Results: The best classification accuracy obtained is 0.80952 and the results are shown in Table 2.
The running time becomes longer, but the classification accuracy obtained does not improve. The operation is not continued.
Table 2. condition 1 operation result
Condition 2:
The number of iterations is 300, the initial population number is 500. The final feature dimension is set to 1.
Result: IC6 is the best feature obtained in operation.
Condition 3:
The number of iterations is 150, the initial population is 600, the final feature dimension is set to 1.
Result: ATSe3 is the best feature obtained in operation
The result of manually deleting features before is that ATSe4 and ATSe5 have obtained higher classification accuracy, and ATSe4 has obtained a classification accuracy of 0.854.Sperman correlation coefficient is used to analyze the correlation between ATSe3, ATSe4, and ATSe5, and the results obtained are as follows. It can be found that ATSe3 and ATSe4 have a strong trend of change.
●Although there have been many studies comparing the predictions of various models for the 14 categories of ATC, there are few     more detailed divisions or structural differences between these types of drugs. We are trying to find more convincing methods to       solve key features to help obtain key descriptors and key fingerprint locations.
Therefore, we supplement the anti-thrombotic and anti-bleeding drugs in the KEGG database with the previously collected data,       classify the anti-thrombotic and anti-bleeding small molecule drugs in KEGG, and conduct training and testing.

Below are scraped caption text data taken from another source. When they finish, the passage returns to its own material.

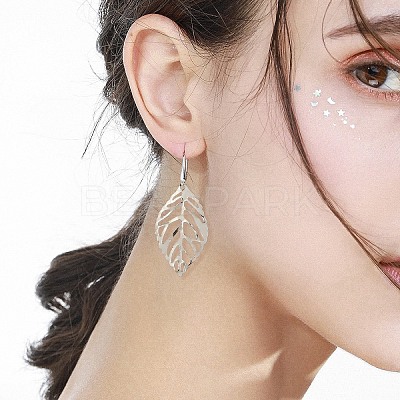 75Pcs 3 Colors Leaf Iron Pendants IFIN-YW0003-67-1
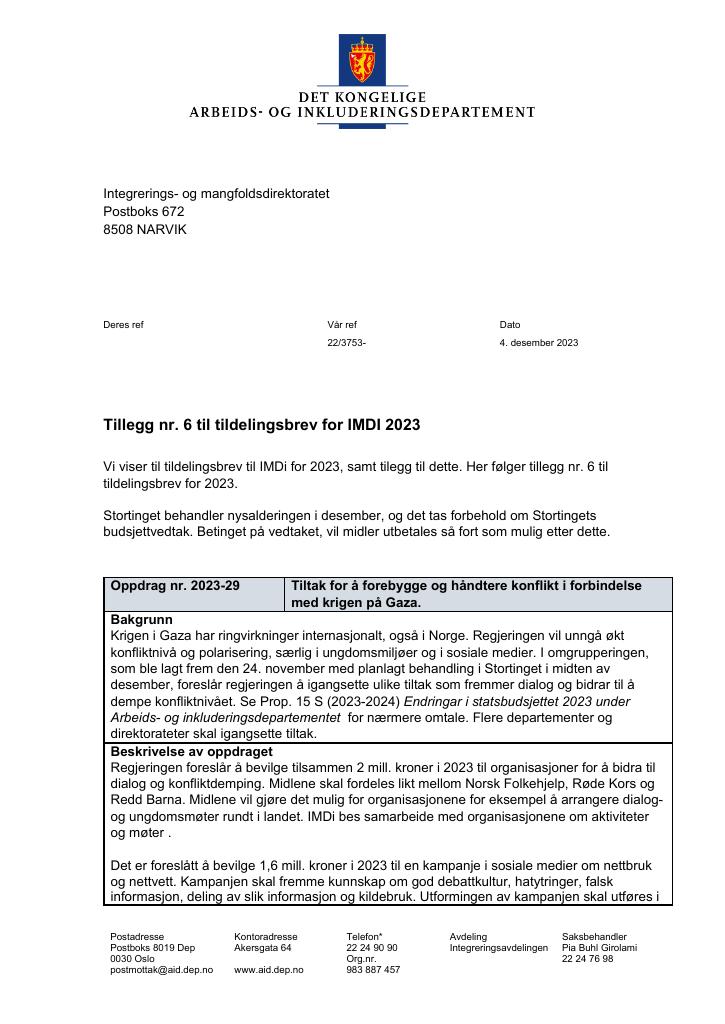 Forsiden av dokumentet Tildelingsbrev Integrerings- og mangfoldsdirektoratet (IMDi) 2023 - tillegg nr. 6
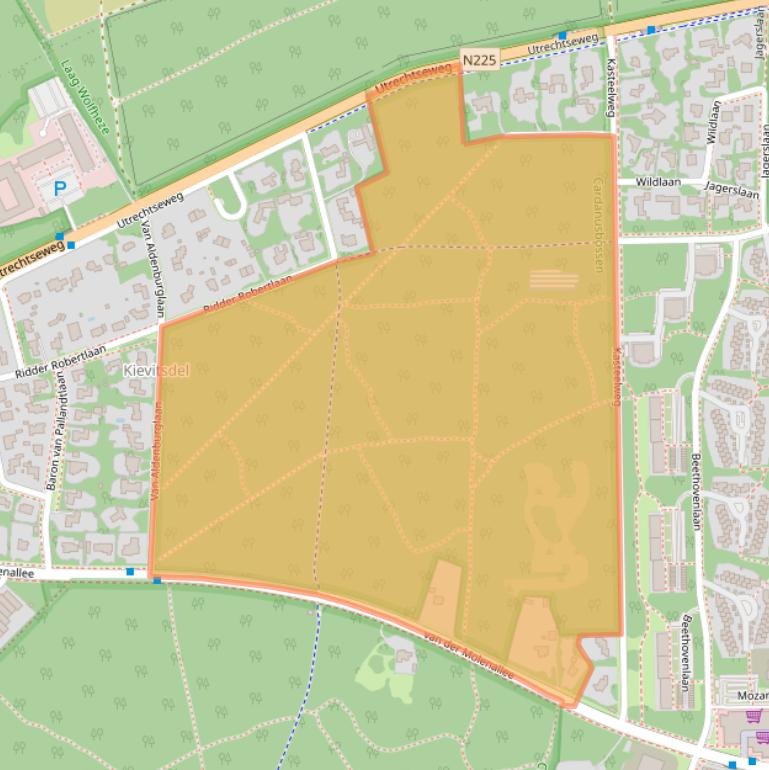 Kaart van postcodegebied 6865CC.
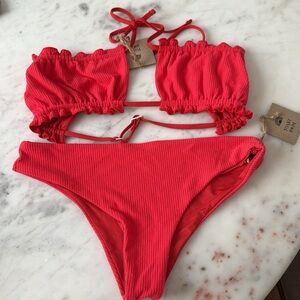 Toast Swim Red Bikini NWT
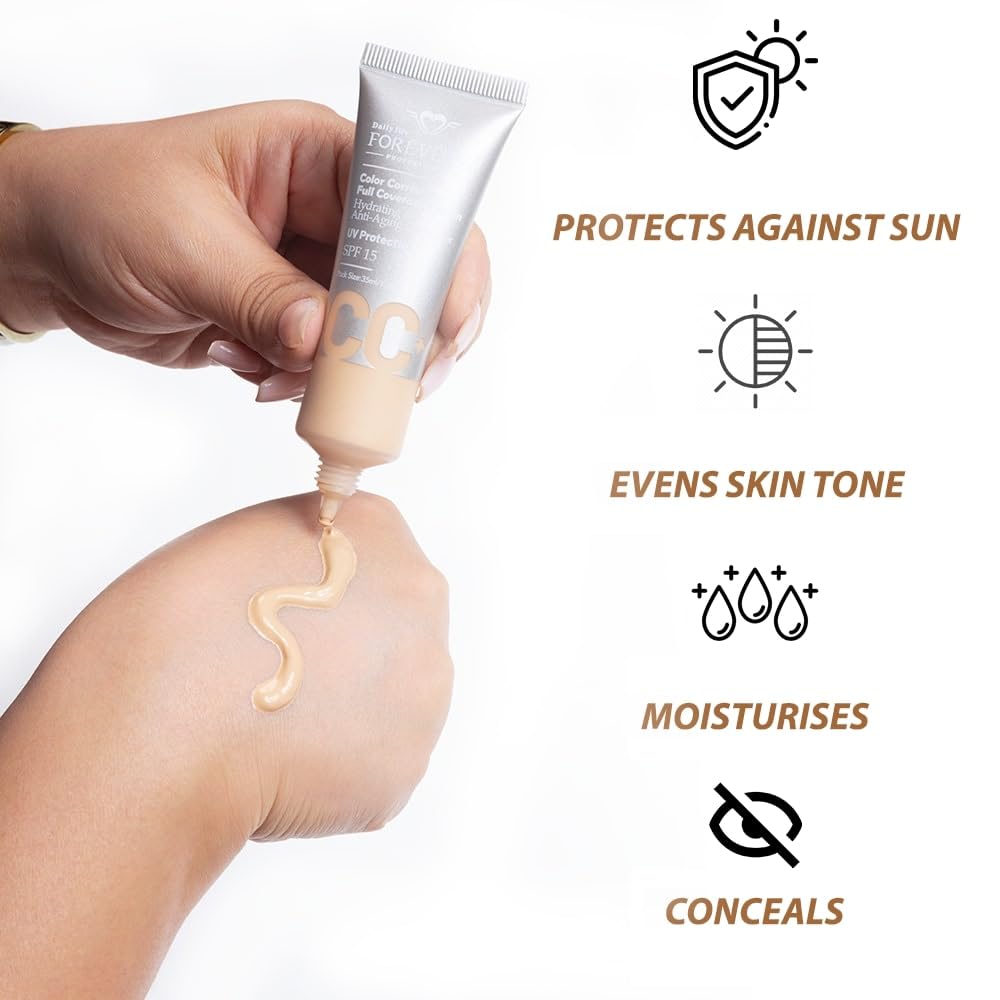 Daily Life Forever52 Color Correcting Full Coverage CC Cream | Conceals Dark Spots and Blemishes (Greige) - (004)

The previous data included 48 antithrombotic drugs and 13 anti-bleeding drugs. According to the KEGG database, four                     antithrombotic drugs were added. The 13 anti-thrombotic drugs and 10 anti-hemorrhage drugs of KEGG are used as the training set data, and the remaining 39 anti-thrombotic drugs and 3 anti-hemorrhage drugs are used as the test set data, and the Kmeans                algorithm is used for classification.
The classification accuracy of the training set is 0.80952, and the classification accuracy of the test set is 0.782608.
According to the correlation coefficient to solve the correlation between the variables, the feature with the largest amount of             information in the strong correlation feature group is retained, and the remaining features are deleted, so as to obtain the best             feature subset. In this way, the feature with the largest amount of information is successfully retained, and the relevant feature is       deleted.
The original feature set has 755 features. After deleting the features with small variance, 581 features remain. The classification        accuracy based on the data of 581 features is 0.803278. After deleting the features with strong feature correlation, 341 features are    obtained, and the classification accuracy obtained is 0.852459. Obviously, after screening the correlation features, the classification  accuracy has been significantly improved.
Compared with the results of molecular descriptors, the results obtained from fingerprints are slightly better. Taking the classification of antithrombotic and anti-bleeding drugs as an example, the classification accuracy of molecular descriptors is 0.80327, and the       classification accuracy of fingerprints is 0.81967.
●Plan to calculate the similarity of the drug adjacency matrix to judge the similarity of the two drugs, convert the matrix to a vector, or count the proportion of the common part of the two matrices to judge whether the two matrices are similar, and then combine the key feature screening method to get Specific substructure. For large data sets, we may choose to use positive and negative data sets   to form a new data set, and solve the substructure through a similar binary classification method.
●Plan to implement hierarchical clustering, random forest, and naive Bayes model to help classify all current drugs and compare       classification results
(This work is constantly being updated every week.)